● Work to complete:
A complete response lists each line of the data below that includes the word "Drive".

══════════

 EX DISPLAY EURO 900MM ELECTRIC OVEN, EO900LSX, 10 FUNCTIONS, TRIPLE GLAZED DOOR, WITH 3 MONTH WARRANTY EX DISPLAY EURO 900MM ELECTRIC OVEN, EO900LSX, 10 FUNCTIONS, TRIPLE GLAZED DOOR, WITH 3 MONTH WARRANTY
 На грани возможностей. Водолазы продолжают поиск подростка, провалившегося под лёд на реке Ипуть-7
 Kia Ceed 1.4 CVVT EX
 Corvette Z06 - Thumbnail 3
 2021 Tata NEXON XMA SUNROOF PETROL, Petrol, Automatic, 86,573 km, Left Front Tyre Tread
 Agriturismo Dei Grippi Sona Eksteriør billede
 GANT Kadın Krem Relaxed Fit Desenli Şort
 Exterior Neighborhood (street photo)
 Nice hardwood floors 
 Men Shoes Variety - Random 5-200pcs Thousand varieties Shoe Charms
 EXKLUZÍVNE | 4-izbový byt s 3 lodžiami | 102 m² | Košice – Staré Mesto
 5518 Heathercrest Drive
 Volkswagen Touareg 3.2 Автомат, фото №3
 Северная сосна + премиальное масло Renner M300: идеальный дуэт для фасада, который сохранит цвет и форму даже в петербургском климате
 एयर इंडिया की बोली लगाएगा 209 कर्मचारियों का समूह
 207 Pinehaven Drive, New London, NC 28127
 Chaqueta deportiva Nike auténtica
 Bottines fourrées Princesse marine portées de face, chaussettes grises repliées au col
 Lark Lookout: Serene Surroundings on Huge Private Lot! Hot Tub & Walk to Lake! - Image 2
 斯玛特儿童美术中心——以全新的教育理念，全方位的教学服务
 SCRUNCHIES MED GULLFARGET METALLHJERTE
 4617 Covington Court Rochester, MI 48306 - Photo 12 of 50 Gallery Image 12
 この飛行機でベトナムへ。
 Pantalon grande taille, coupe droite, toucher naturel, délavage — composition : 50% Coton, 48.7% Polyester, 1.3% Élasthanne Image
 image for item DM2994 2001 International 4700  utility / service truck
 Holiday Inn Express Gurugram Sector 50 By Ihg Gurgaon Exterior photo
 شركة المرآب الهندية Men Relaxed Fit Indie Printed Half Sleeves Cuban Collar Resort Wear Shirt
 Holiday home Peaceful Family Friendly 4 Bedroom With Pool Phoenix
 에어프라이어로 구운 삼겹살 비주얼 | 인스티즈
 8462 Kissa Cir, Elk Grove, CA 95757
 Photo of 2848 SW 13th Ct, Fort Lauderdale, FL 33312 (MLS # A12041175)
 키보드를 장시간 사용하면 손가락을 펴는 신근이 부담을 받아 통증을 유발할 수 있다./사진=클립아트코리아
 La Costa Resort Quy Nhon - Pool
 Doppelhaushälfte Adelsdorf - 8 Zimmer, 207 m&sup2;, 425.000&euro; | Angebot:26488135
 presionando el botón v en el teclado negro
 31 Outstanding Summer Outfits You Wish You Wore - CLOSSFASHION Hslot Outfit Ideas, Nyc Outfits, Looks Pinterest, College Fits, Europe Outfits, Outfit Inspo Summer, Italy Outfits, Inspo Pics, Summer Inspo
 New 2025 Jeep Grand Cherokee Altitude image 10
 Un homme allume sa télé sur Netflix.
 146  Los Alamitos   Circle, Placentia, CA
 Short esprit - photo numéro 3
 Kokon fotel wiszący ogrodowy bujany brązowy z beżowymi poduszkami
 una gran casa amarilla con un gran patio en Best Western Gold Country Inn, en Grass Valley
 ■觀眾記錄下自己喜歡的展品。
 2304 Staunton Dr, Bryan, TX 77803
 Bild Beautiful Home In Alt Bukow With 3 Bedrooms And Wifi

══════════

● Answer for this exercise:
 5518 Heathercrest Drive
 207 Pinehaven Drive, New London, NC 28127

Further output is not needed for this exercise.